GenVP: Generating Visual Puzzles with Contrastive Hierarchical VAEs
Kalliopi Basioti, Pritish Sahu, Qingze Tony Liu, Zihao Xu, Hao Wang, Vladimir Pavlovic
TL;DR
GenVP advances abstract visual reasoning by modeling RPM generation and solving within a hierarchical HVAE framework augmented with a Mixture of Experts for robust rule inference. It introduces a dual contrastive learning scheme—global (cross-puzzle) and local (cross-candidate)—to strengthen rule representation and generalization, and enables generation of complete RPM matrices from abstract rules. Across five AVR datasets and challenging out-of-distribution scenarios, GenVP achieves state-of-the-art puzzle-solving accuracy and demonstrates strong generalization to unseen attributes and large solution spaces, while also generating coherent, rule-consistent RPMs.
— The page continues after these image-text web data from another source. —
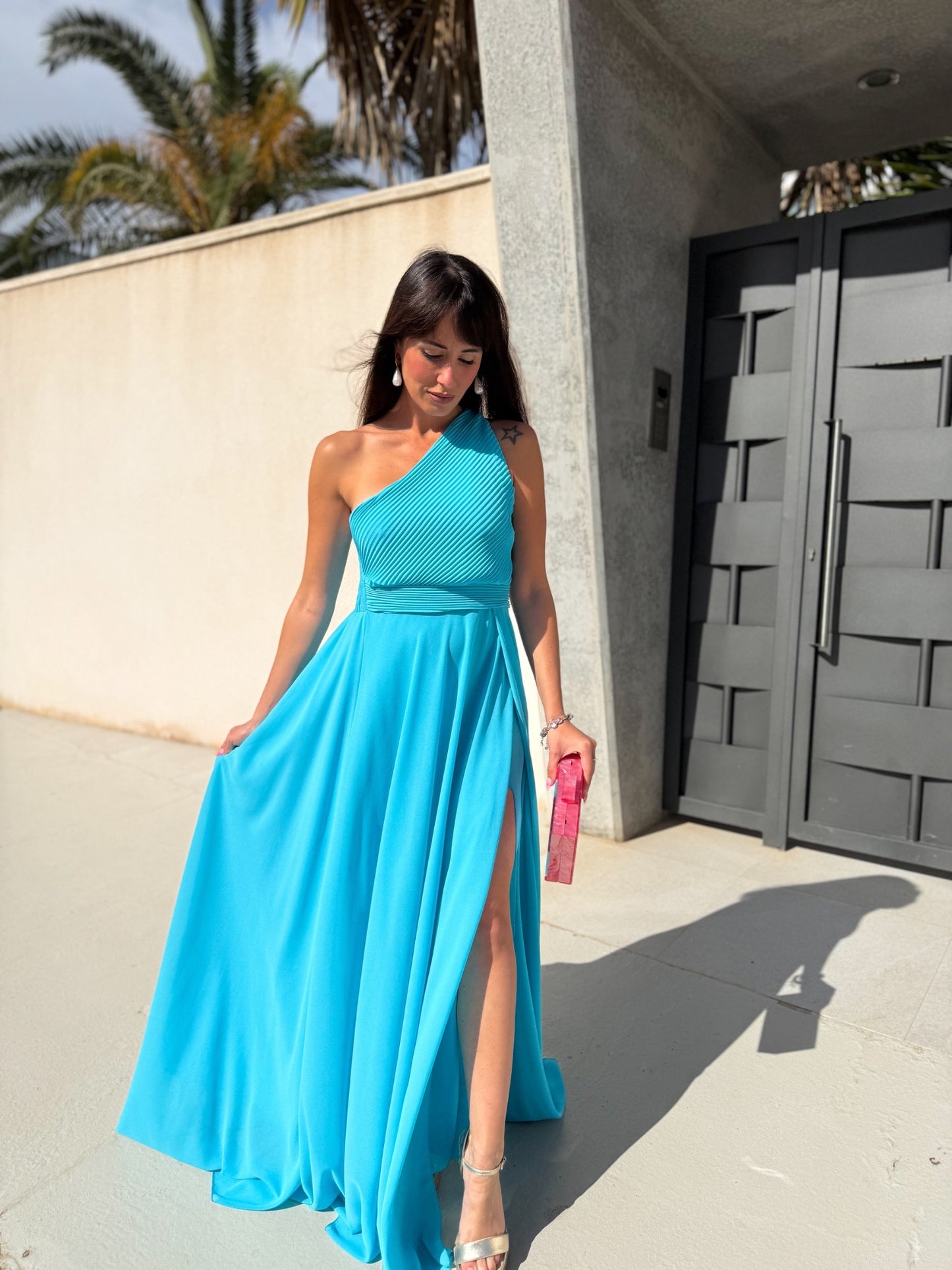 Vestido Gales
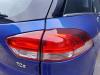 Renault Clio IV Estate/Grandtour 0.9 Energy TCE 90 12V Vehículo de desguace (2017, Azul)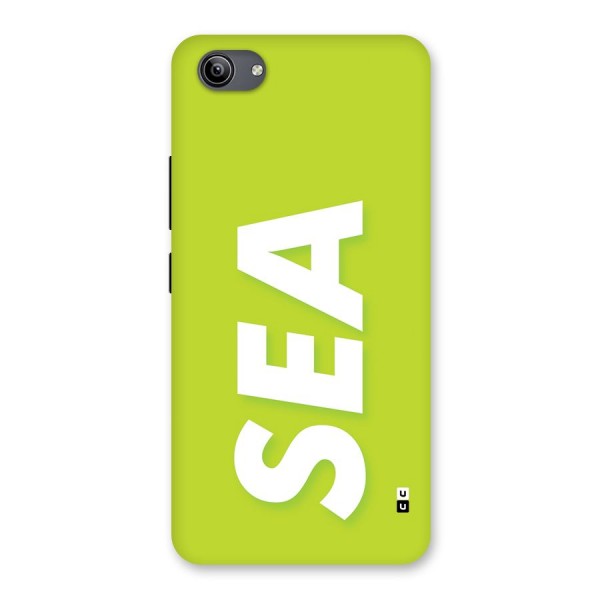 Amazing Sea Back Case for Vivo Y81i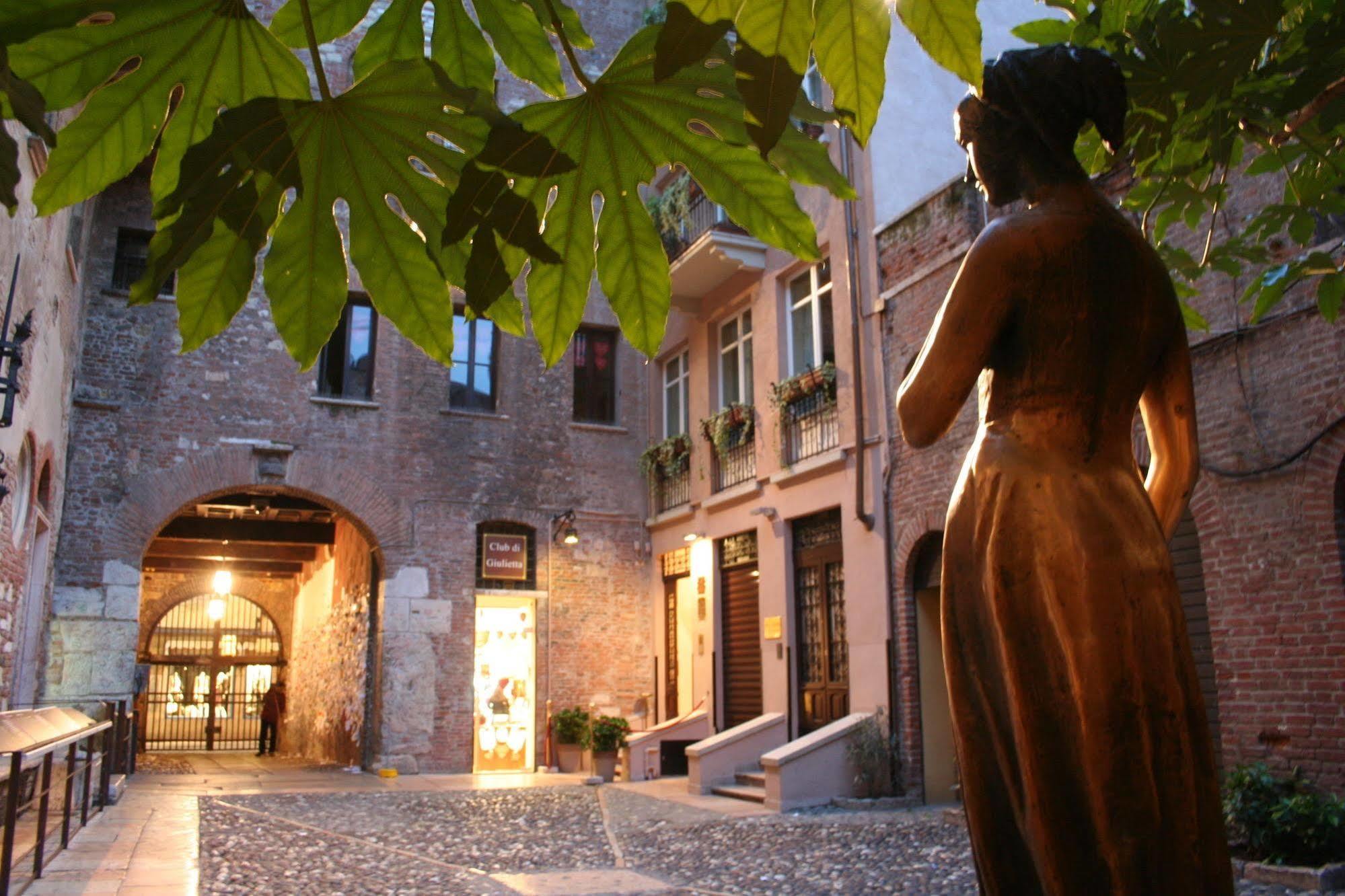 La Corte Di Giulietta Verona Eksteriør billede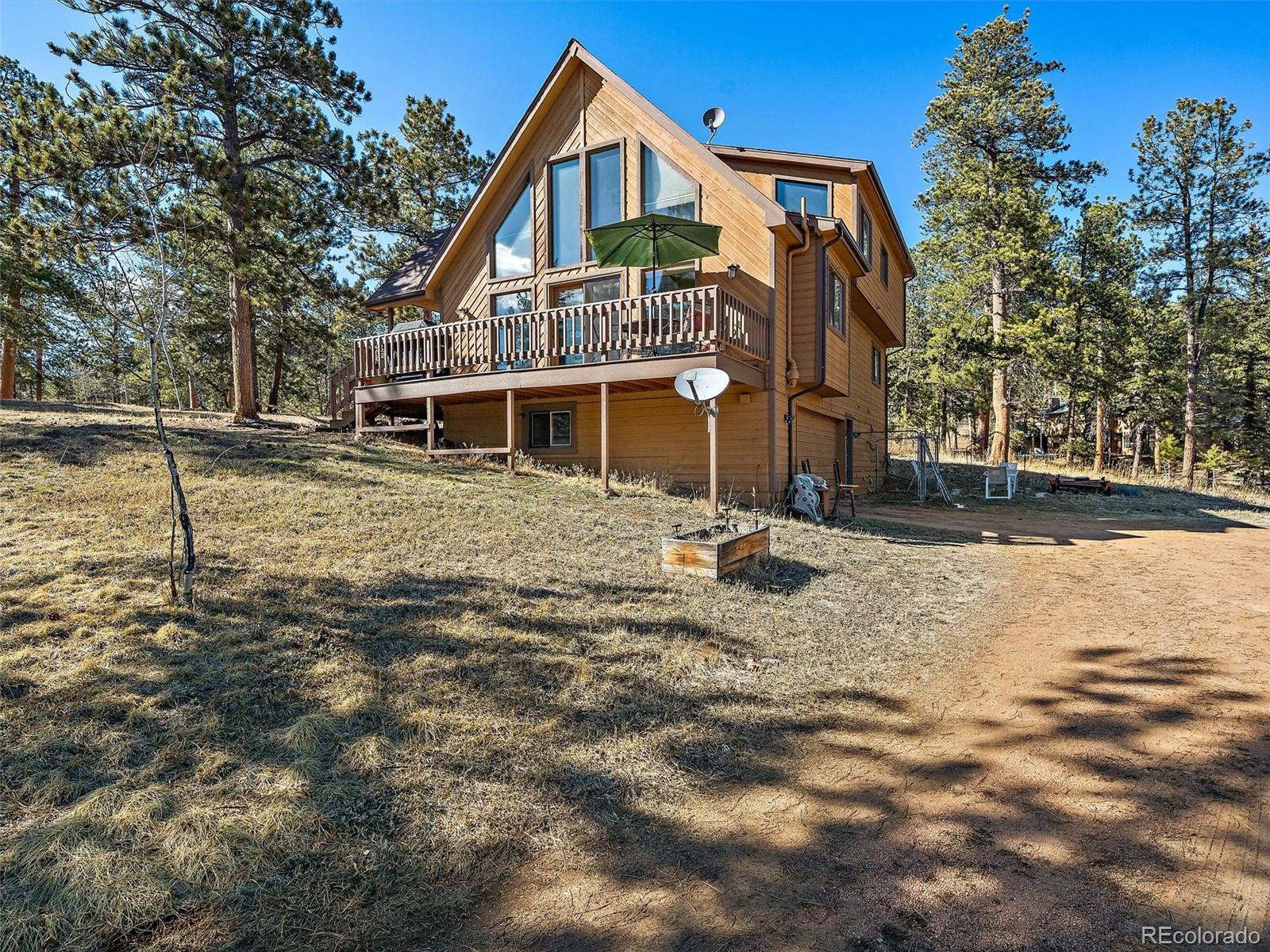 MLS Image #40 for 11834 s stallion drive,pine, Colorado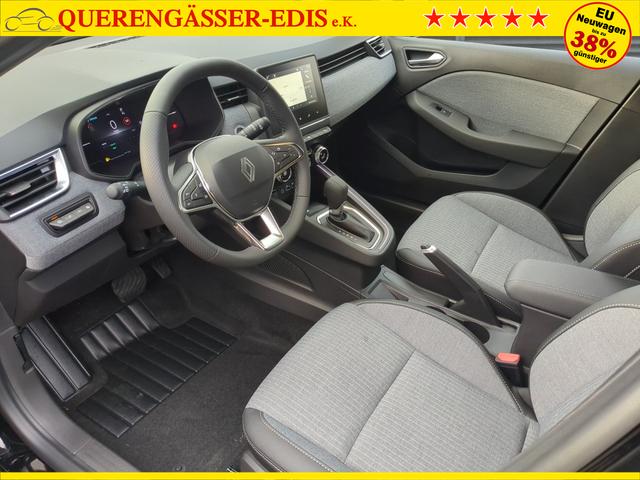 Renault Clio Techno SHZ LKHZ TCe 90 X-Tronic 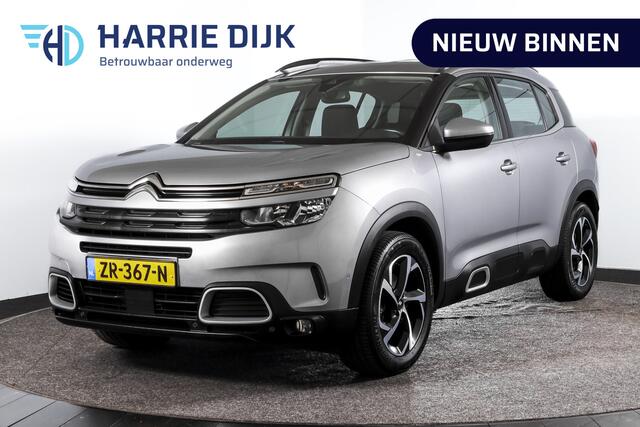 Citroen C5 Aircross 1.2 PureTech 130 PK Business | Dig. Cockpit | Cruise | Afn. Trekhaak | PDC | Camera | NAV+App. Connect | ECC | LM 18" |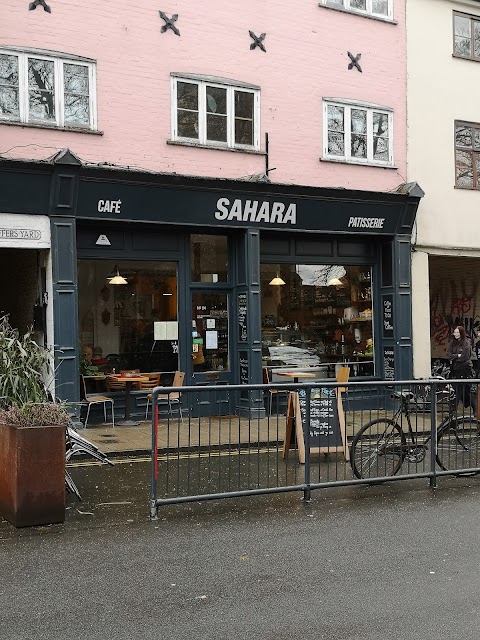 Sahara Patisserie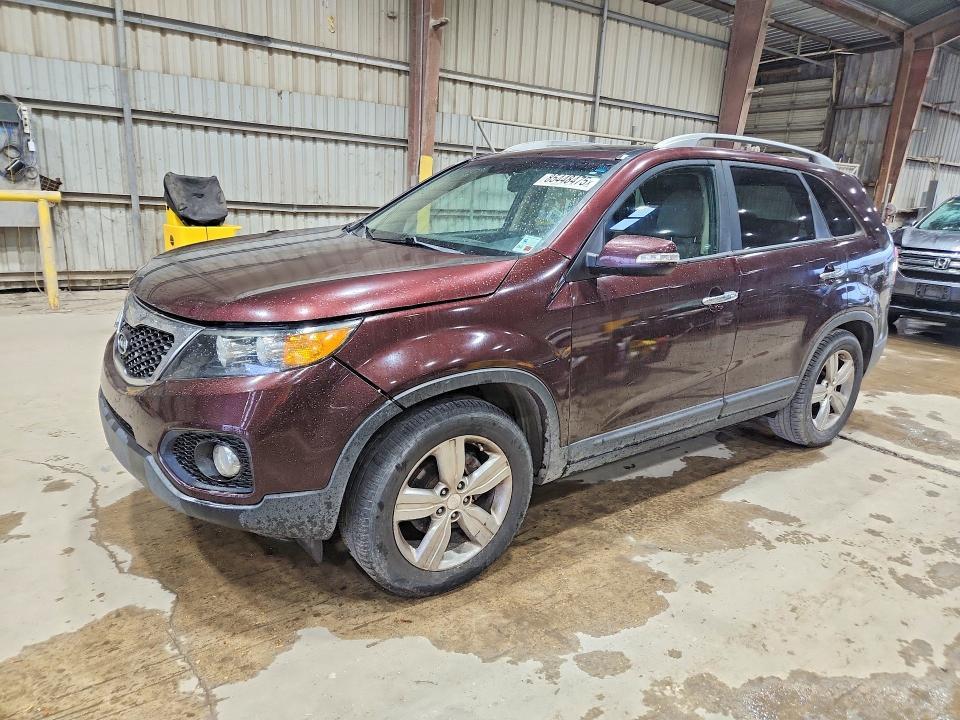 2013 Kia Sorento — фото 1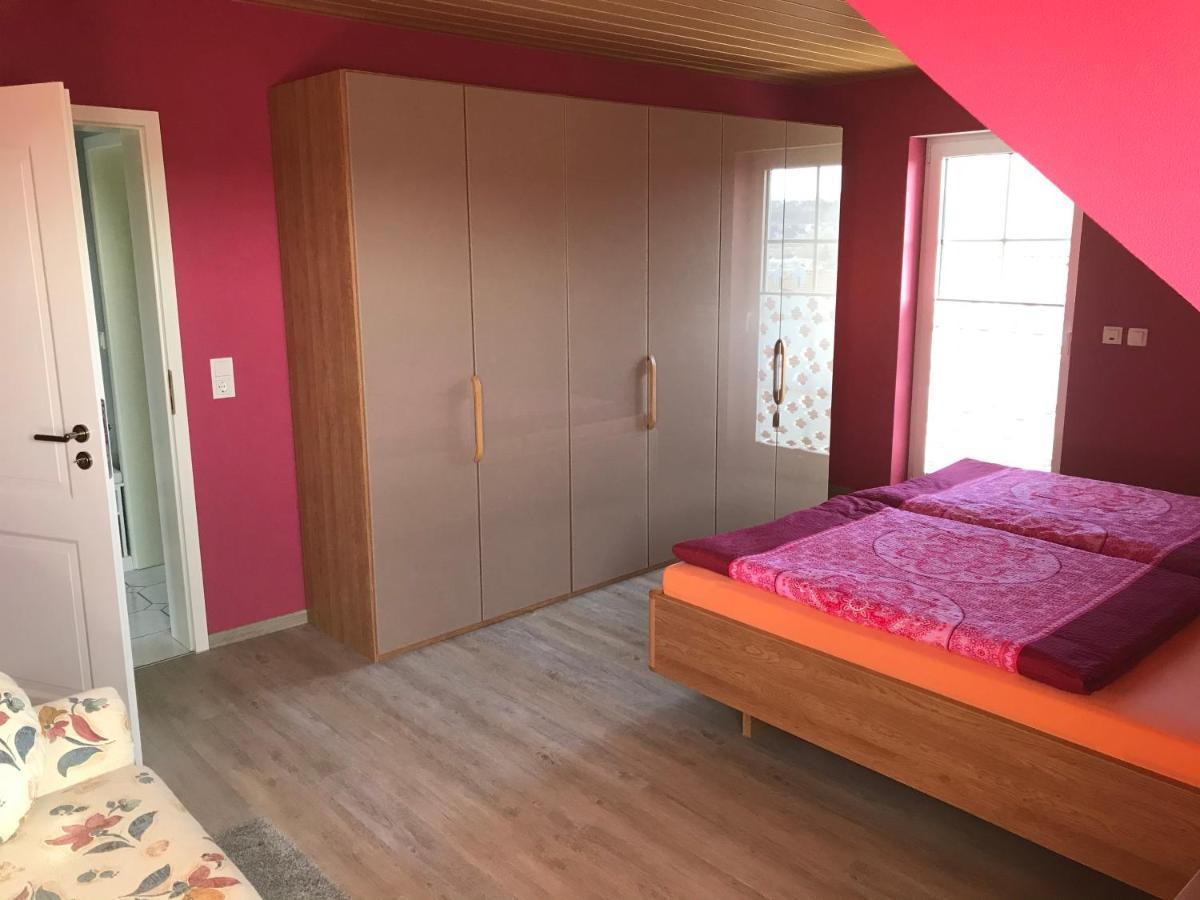 Ferienwohnung Zimmermann Birkenfeld  Extérieur photo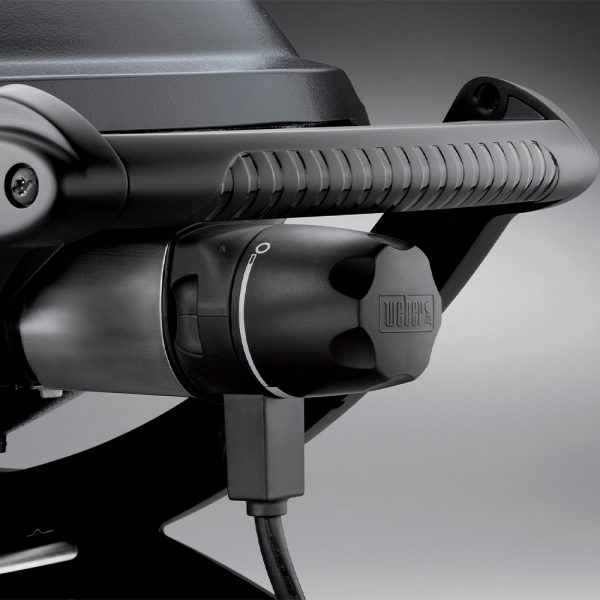 Barbecue Elettrico Weber Q 2400 - Dark Grey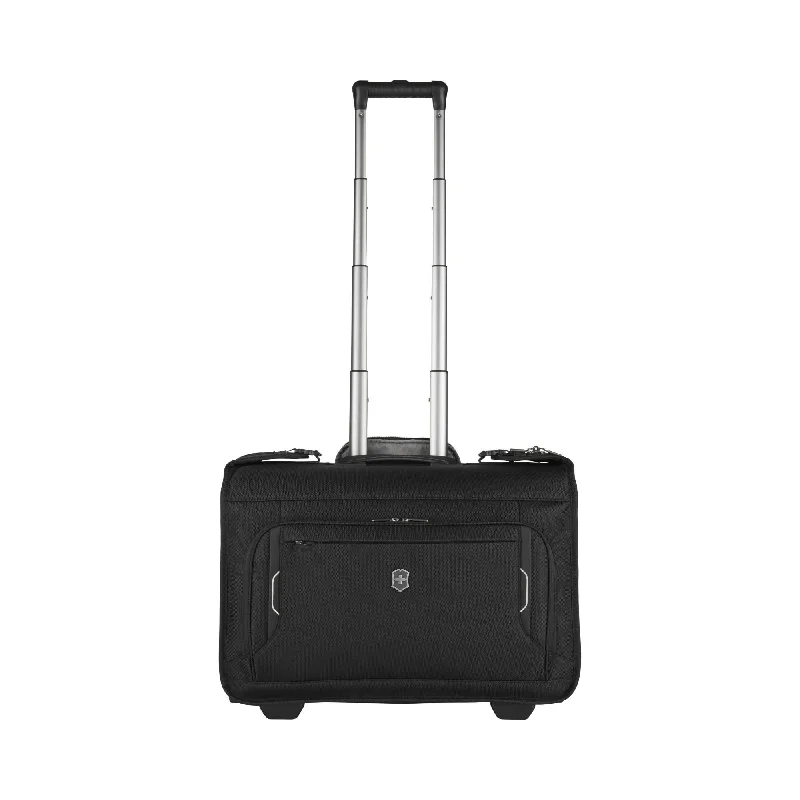 Suitcase with anti-theft features-Victorinox Werks Traveler 6.0 2 Wheeled Garment Sleeve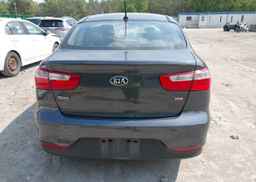 2016 KIA RIO LX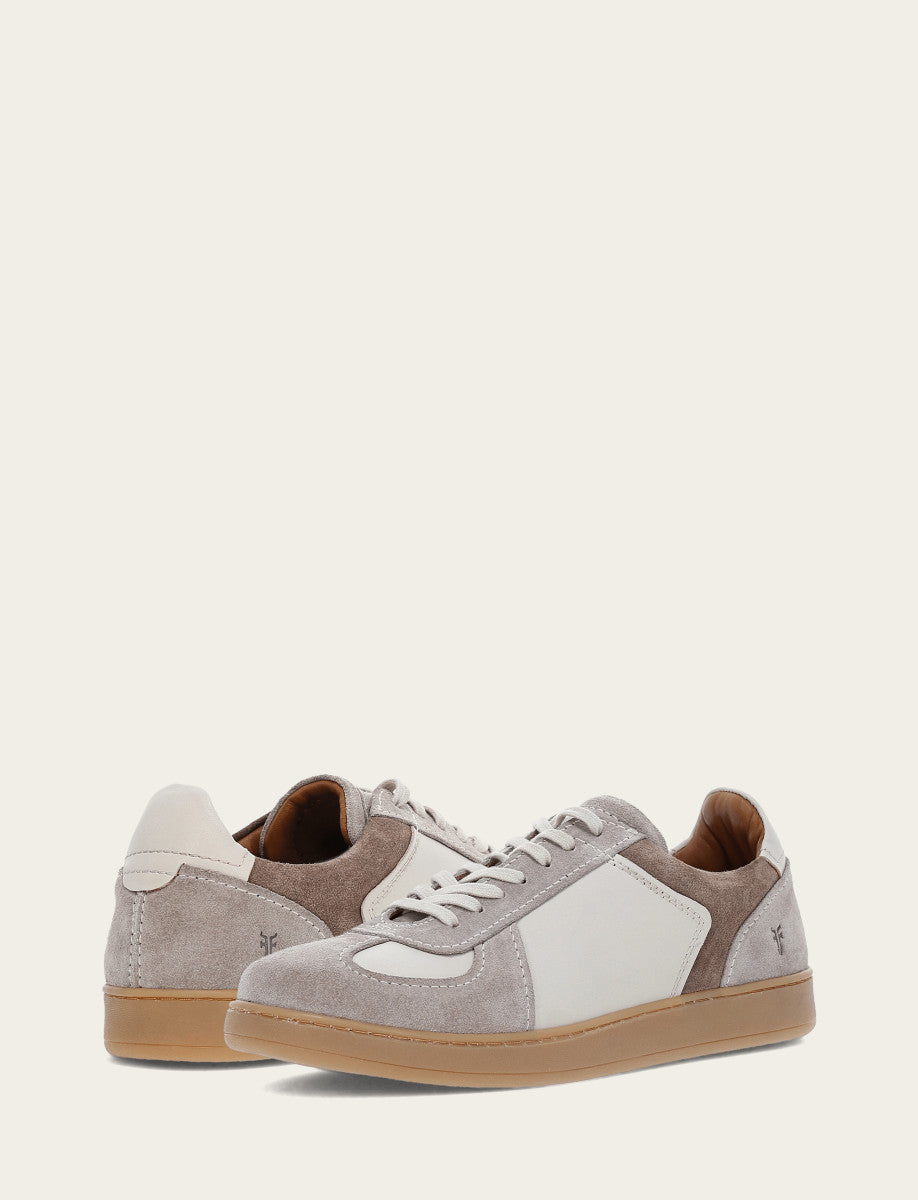 Men's Ivory Cooper Trainer Sneakers Ivory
The combination of generative capability, robust rule disentanglement, and scalable inference positions GenVP as a versatile tool for both RPM solving and AI creativity in puzzle design and high-level visual reasoning.
Abstract
Raven's Progressive Matrices (RPMs) is an established benchmark to examine the ability to perform high-level abstract visual reasoning (AVR). Despite the current success of algorithms that solve this task, humans can generalize beyond a given puzzle and create new puzzles given a set of rules, whereas machines remain locked in solving a fixed puzzle from a curated choice list. We propose Generative Visual Puzzles (GenVP), a framework to model the entire RPM generation process, a substantially more challenging task. Our model's capability spans from generating multiple solutions for one specific problem prompt to creating complete new puzzles out of the desired set of rules. Experiments on five different datasets indicate that GenVP achieves state-of-the-art (SOTA) performance both in puzzle-solving accuracy and out-of-distribution (OOD) generalization in 22 OOD scenarios. Compared to SOTA generative approaches, which struggle to solve RPMs when the feasible solution space increases, GenVP efficiently generalizes to these challenging setups. Moreover, our model demonstrates the ability to produce a wide range of complete RPMs given a set of abstract rules by effectively capturing the relationships between abstract rules and visual object properties.